Begin at the line that contains "203 4594 Harbour" and reproduce it along with every line after it to the end of the listing; skip any pictures.

##### Material provided #####

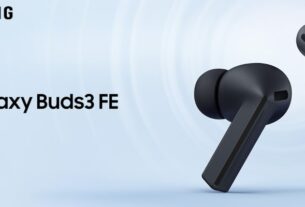 Samsung Galaxy Buds 3 FE TWS Earbuds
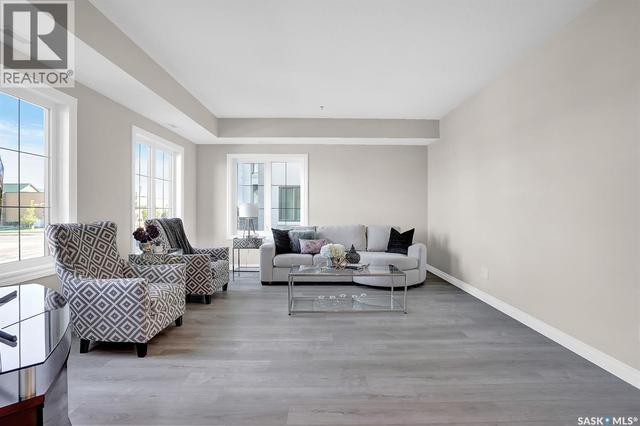 203 4594 Harbour Landing DRIVE  Regina, SK S4W 0R8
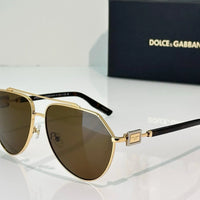Dolce & Gabbana DG 2315  men's Sunglasses ✨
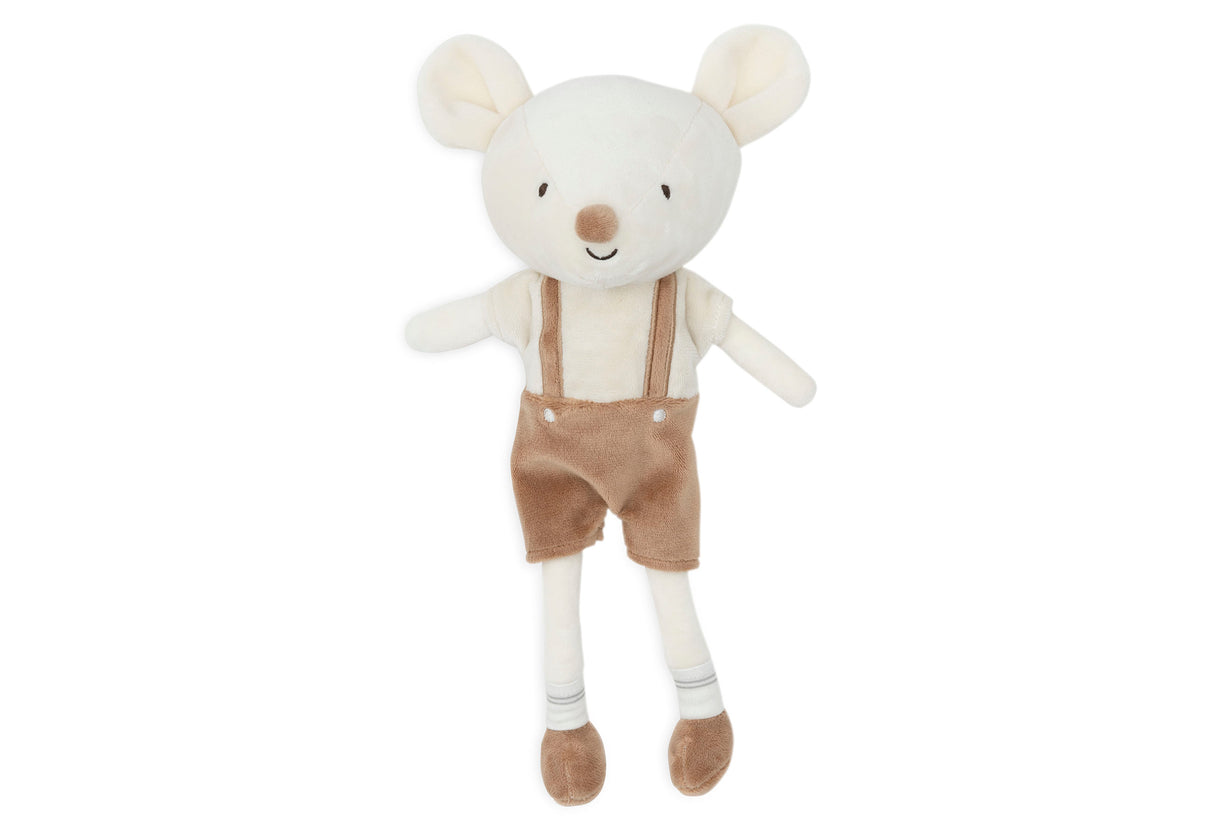Peluche Mouse Bowie 1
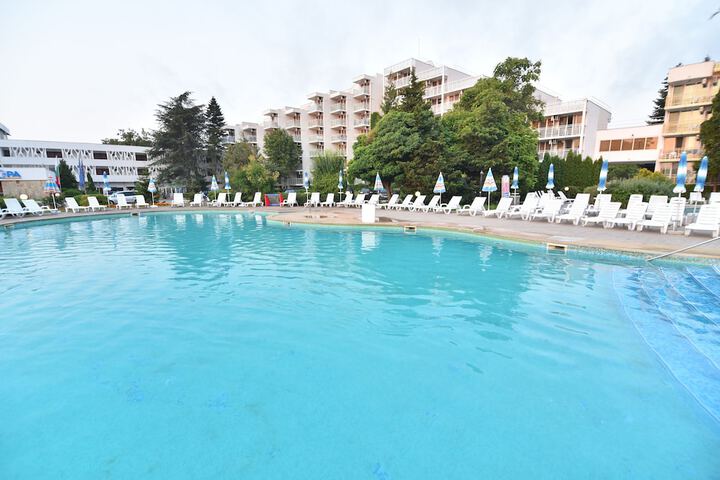 Fitness Center Photo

#####

__Finished exercise__
 203 4594 Harbour Landing DRIVE  Regina, SK S4W 0R8
Dolce & Gabbana DG 2315  men's Sunglasses ✨
Peluche Mouse Bowie 1
 Fitness Center Photo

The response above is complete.